↓↓↓
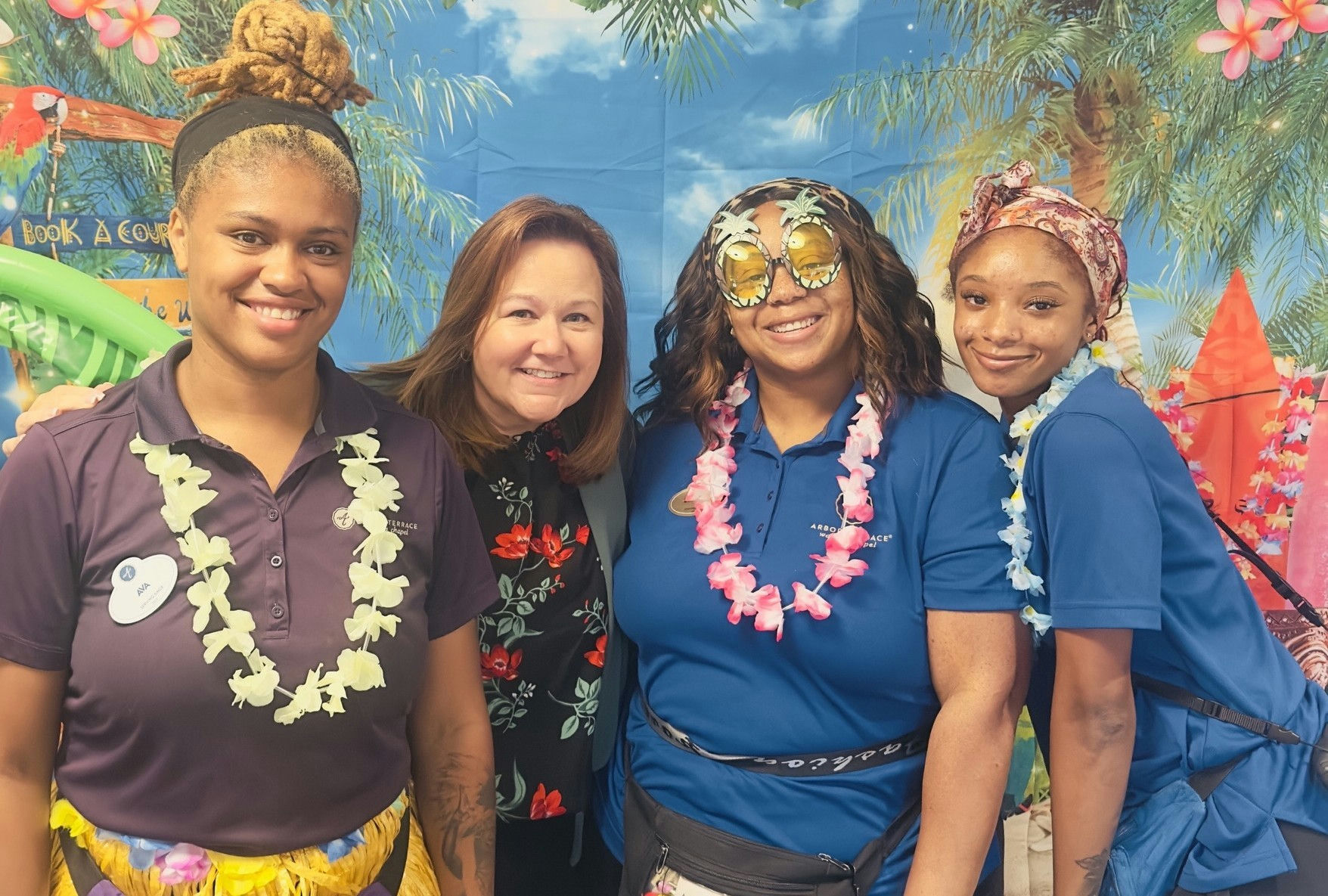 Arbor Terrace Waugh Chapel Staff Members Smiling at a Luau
↑↑↑
↓↓↓
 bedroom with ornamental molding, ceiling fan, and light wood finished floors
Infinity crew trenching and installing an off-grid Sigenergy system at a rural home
↑↑↑
↓↓↓
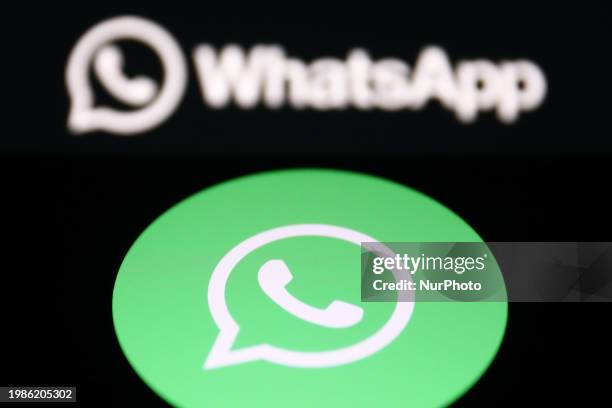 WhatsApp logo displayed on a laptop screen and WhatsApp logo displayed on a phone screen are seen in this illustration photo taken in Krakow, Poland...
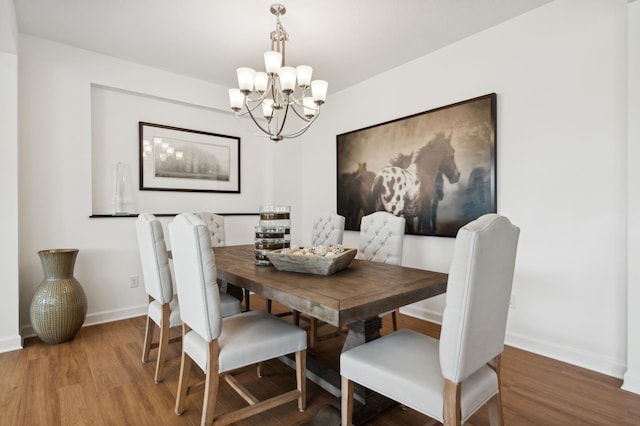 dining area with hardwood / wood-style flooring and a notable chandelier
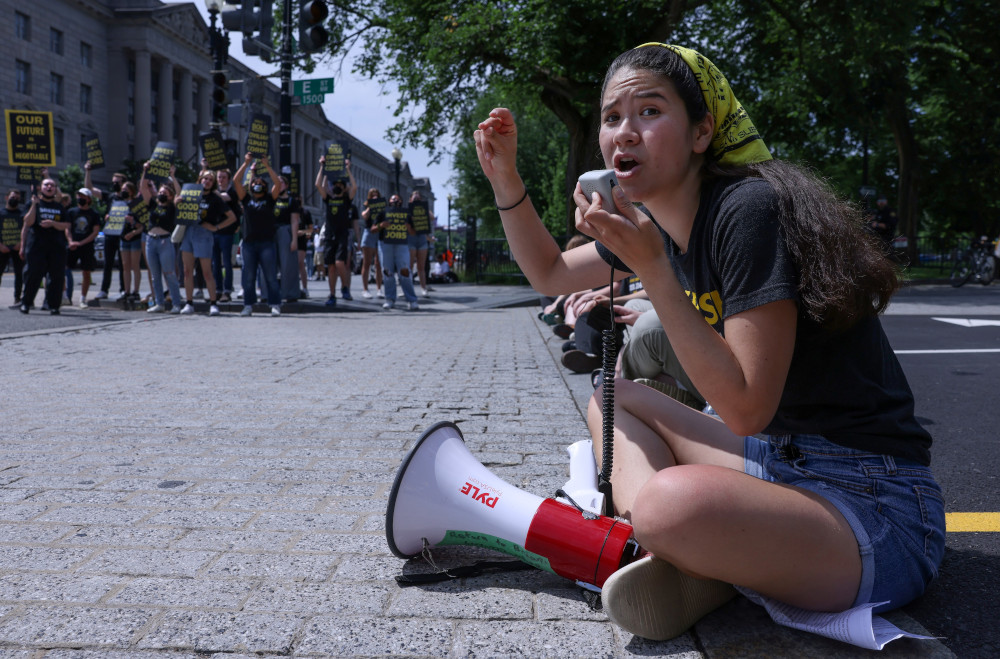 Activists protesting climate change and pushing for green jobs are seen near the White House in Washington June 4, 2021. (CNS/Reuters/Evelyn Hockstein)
↑↑↑
Your assignment:
A verbatim reproduction is expected: starting at the line above that has "dining area with", ending at the line that has "Activists protesting climate", both included, and with no pictures and no other lines.

Task output:
 dining area with hardwood / wood-style flooring and a notable chandelier
 Activists protesting climate change and pushing for green jobs are seen near the White House in Washington June 4, 2021. (CNS/Reuters/Evelyn Hockstein)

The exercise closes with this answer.